— Data extract —
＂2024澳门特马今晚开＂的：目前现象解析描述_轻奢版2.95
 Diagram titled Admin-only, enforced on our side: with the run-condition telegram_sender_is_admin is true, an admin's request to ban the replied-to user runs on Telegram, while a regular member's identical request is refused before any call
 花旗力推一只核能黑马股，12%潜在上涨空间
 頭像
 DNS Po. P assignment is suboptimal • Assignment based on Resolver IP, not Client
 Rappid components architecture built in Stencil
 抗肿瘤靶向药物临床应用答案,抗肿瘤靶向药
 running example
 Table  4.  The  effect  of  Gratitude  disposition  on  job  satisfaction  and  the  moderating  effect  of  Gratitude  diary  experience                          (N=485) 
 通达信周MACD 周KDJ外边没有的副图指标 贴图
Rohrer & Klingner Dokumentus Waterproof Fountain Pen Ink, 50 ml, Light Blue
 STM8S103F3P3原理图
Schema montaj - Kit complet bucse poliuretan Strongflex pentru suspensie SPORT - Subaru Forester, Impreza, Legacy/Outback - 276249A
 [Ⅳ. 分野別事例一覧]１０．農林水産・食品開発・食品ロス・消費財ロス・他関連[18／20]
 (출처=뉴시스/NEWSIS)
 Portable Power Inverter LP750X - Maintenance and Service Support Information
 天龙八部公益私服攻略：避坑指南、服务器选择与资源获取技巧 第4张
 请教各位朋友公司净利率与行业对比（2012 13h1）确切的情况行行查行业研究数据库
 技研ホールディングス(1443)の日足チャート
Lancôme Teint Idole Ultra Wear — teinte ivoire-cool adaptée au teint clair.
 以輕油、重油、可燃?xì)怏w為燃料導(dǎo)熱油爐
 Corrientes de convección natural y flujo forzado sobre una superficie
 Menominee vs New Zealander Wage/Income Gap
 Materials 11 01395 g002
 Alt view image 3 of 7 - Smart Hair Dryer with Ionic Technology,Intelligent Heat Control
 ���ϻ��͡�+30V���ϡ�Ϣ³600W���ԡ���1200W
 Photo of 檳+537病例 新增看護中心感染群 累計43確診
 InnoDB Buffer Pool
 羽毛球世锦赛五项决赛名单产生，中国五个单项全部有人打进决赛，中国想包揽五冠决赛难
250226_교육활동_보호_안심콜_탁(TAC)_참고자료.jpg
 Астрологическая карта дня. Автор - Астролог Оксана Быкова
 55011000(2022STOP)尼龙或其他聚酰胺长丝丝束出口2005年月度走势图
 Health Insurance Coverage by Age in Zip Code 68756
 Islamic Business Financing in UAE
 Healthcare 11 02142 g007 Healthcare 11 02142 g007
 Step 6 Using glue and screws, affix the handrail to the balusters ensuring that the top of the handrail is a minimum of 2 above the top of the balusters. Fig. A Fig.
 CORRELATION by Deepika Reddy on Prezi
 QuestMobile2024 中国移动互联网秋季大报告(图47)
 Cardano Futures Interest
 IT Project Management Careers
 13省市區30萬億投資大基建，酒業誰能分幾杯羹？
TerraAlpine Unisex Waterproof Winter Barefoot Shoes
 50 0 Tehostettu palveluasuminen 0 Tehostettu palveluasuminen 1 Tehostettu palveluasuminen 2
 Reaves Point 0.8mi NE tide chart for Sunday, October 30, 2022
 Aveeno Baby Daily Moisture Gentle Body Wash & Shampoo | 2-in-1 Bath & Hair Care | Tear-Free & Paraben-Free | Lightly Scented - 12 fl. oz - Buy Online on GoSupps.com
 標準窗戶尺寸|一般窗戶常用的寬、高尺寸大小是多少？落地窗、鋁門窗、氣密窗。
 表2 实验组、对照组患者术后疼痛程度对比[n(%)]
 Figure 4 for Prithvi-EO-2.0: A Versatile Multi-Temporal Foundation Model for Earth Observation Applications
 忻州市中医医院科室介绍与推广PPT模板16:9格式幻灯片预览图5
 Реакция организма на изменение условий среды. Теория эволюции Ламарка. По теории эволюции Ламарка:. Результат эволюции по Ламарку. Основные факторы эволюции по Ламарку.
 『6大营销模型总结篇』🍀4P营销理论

— How to complete this task —
Copy the lines above exactly. Start with the line containing "花旗力推一只核能黑马股，12%潜在上涨空间", end with the line containing "Materials 11 01395 g002", and include both.

— Your solution —
 花旗力推一只核能黑马股，12%潜在上涨空间
 頭像
 DNS Po. P assignment is suboptimal • Assignment based on Resolver IP, not Client
 Rappid components architecture built in Stencil
 抗肿瘤靶向药物临床应用答案,抗肿瘤靶向药
 running example
 Table  4.  The  effect  of  Gratitude  disposition  on  job  satisfaction  and  the  moderating  effect  of  Gratitude  diary  experience                          (N=485) 
 通达信周MACD 周KDJ外边没有的副图指标 贴图
Rohrer & Klingner Dokumentus Waterproof Fountain Pen Ink, 50 ml, Light Blue
 STM8S103F3P3原理图
Schema montaj - Kit complet bucse poliuretan Strongflex pentru suspensie SPORT - Subaru Forester, Impreza, Legacy/Outback - 276249A
 [Ⅳ. 分野別事例一覧]１０．農林水産・食品開発・食品ロス・消費財ロス・他関連[18／20]
 (출처=뉴시스/NEWSIS)
 Portable Power Inverter LP750X - Maintenance and Service Support Information
 天龙八部公益私服攻略：避坑指南、服务器选择与资源获取技巧 第4张
 请教各位朋友公司净利率与行业对比（2012 13h1）确切的情况行行查行业研究数据库
 技研ホールディングス(1443)の日足チャート
Lancôme Teint Idole Ultra Wear — teinte ivoire-cool adaptée au teint clair.
 以輕油、重油、可燃?xì)怏w為燃料導(dǎo)熱油爐
 Corrientes de convección natural y flujo forzado sobre una superficie
 Menominee vs New Zealander Wage/Income Gap
 Materials 11 01395 g002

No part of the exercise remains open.